Anything not listed in the table (ie. ß, punctuation, Hebrew characters, Japanese characters) is considered white space and cannot be searched for. If these extra characters are important to you, don’t forget to add them in.
If your not using Thinking Sphinx, then the value can go directly into your Sphinx config file under the appropriate index. Without Thinking Sphinx, you should also make sure that your index is set to utf-8 mode using the charset_type setting.
Mr Čihař is happy, our customer is happy, and we don’t lose a potential sale.

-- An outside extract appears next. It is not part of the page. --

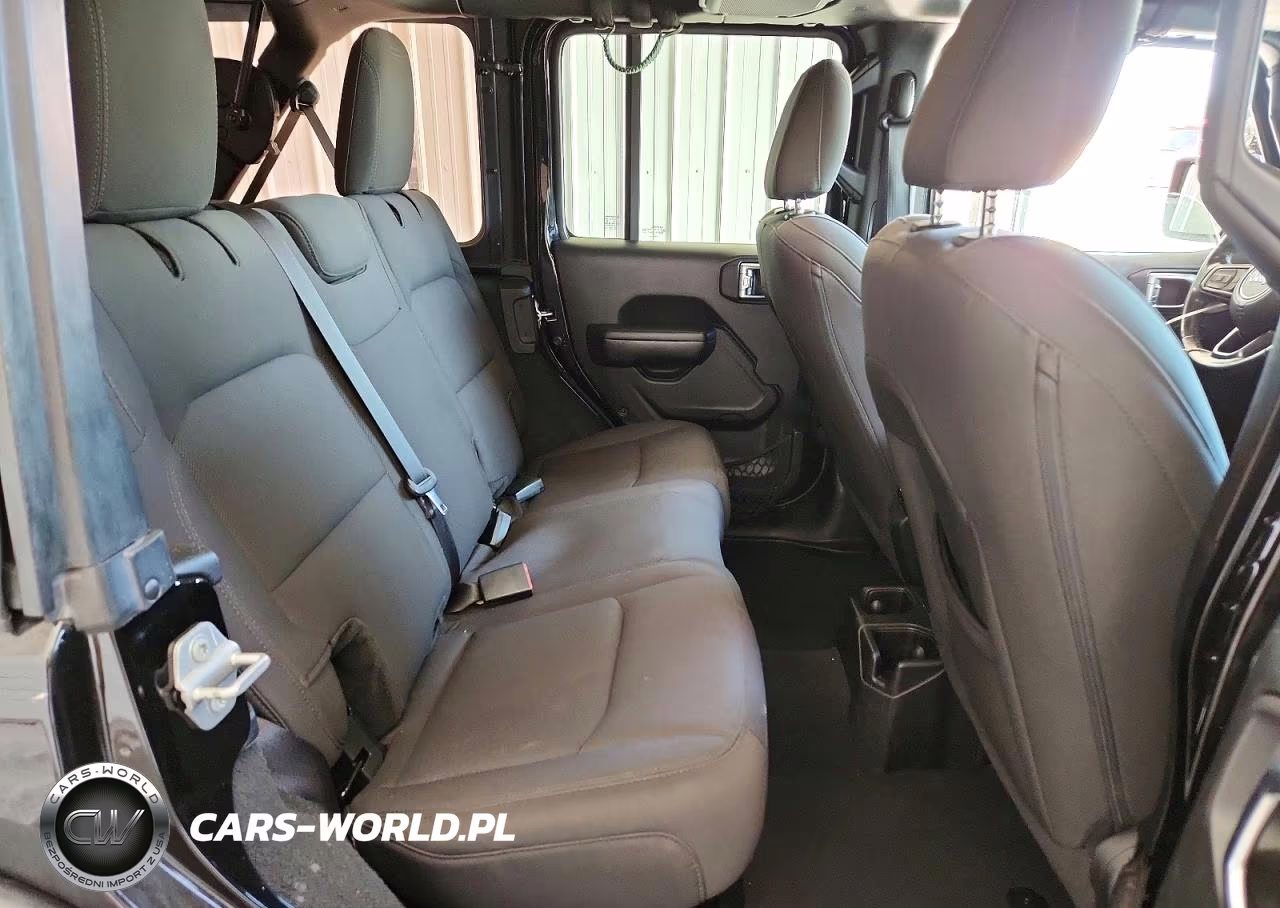 2022 Jeep Wrangler Unlimited Sport VIN:1C4HJXDG5NW165529 - 11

Winners all around.
Update, 23rd September 2008: - Thanks to an email from David Krmpotic, I’ve added a few missing entries to the mapping list.
Update, 18th June 2009: - Thanks to an email on the Thinking Sphinx list from Marcin, I’ve added a the polish character ł
Update, 8th March 2011: - Thanks to an email Clement Hallet, I’ve added ø and Ø as synonyms for o.